Over at Evangelical Textual Criticism, John Meade has posted an article reviewing chapter seven of my book, Canon Revisited. In particular, he challenges a number of the arguments I use to show how NT manuscripts may illumine our understanding of the development of the NT canon.
Meade focuses his comments on two issues, namely the number of manuscripts and the use of the codex. Before offering a response to those issues below, let me begin by making a simple observation about the purpose of this chapter. If one understands the flow of the argument in the book, and sets chapter seven in the larger context of the prior chapters, it will become clear that the exploration of these manuscripts is not intended to provide a definitive answer to which books are in the canon. Nowhere do I argue that we know which books are in the canon simply be looking at the features of early Christian manuscripts.

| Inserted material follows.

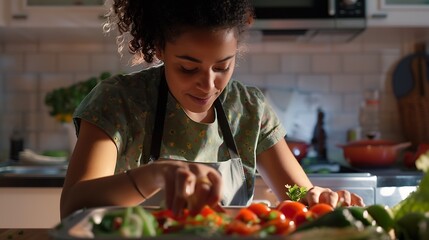 Happy biracial woman in apron preparing food in kitchen seasoning vegetables on baking tray : Generative AI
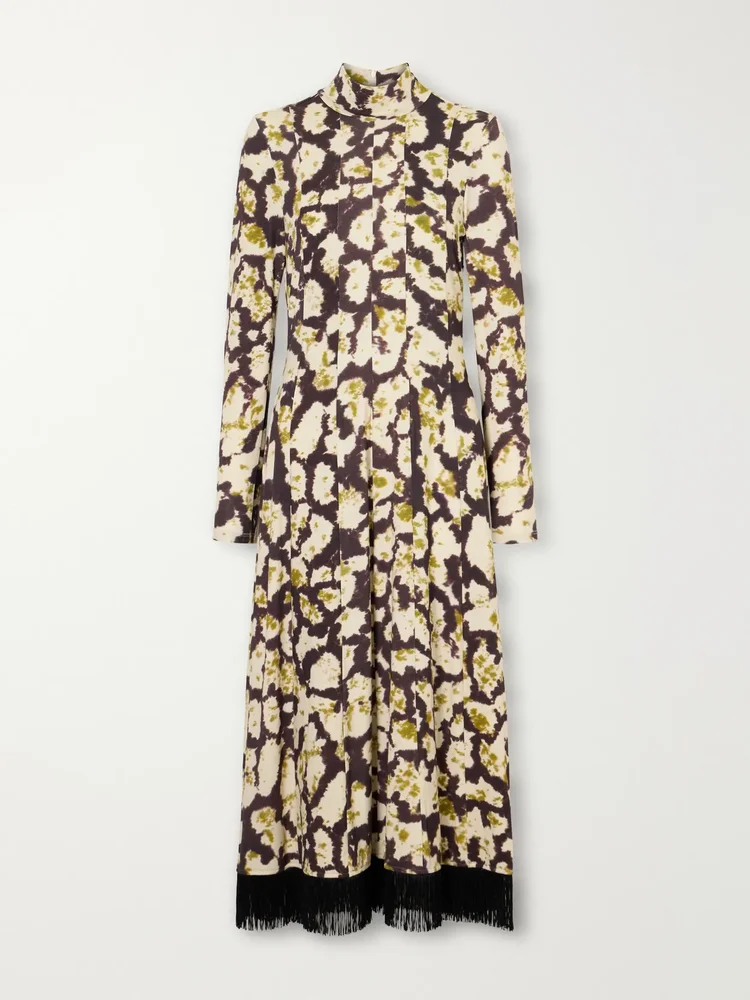 Troy floral-print fringe-trimmed cotton-blend jersey midi dress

Indeed, the prior six chapters are making a very different argument about how we know which books are in and which books are out (an argument I will not rehearse here). The discussion of manuscripts, then, is provided simply as something that further illumines the history of the canon. It provides a general (but not absolute) confirmation of what we see from other kinds of evidence (patristic and otherwise).
Quantity of Manuscripts
There are few things more frustrating for an author than to make an argument, follow it up with an important qualification, and then have someone critique you as if that qualification were never made.
When it comes to the quantity of NT manuscripts, this seems to be what Meade has done. I was very clear in chapter seven that there is not a one-to-one correspondence between the number of manuscripts of a book and that book’s place in the NT canon. Nowhere do I argue that we know which books are in the canon simply by looking at which books left behind the most manuscripts. Indeed, I expressly state, “the relative popularity of books (on the basis of extant manuscripts) is not the whole story” (239). And one example is that we have only one copy of Mark from this time period.
Meade acknowledges that I made this qualification but seems unsatisfied. He complains, “[Kruger] should contrast the one MS of Mark with the three of the Gospel of Thomas, but he does not do so.” I am baffled by this complaint because this is exactly what I was doing! In this very section of the chapter, just a couple pages before, I mentioned that Thomas had three manuscripts. And then, at the end of this same section, I expressly point out that this is not the whole story because Mark has only one. Obviously, I am acknowledging that Mark has less than Thomas. Is it just that Meade wants me to say it in the very same sentence? It seems any thoughtful reader would easily get my point.
And then again, as if I never made the qualification above, Meade simply repeats his argument at the end: “But the Gospel of Thomas has more early evidence than the Gospel according to Mark and many other books were written onto the codex form, and yet, early Christians do not describe these other books as canonical.”
But this point only holds if I were arguing there is a one-to-one relationship between manuscripts and the canon. I definitively said I was not making that argument! But Meade just barrels on as if I was.
By focusing solely on exceptions like the Gospel of Mark, Meade seems to be missing the forest for the trees.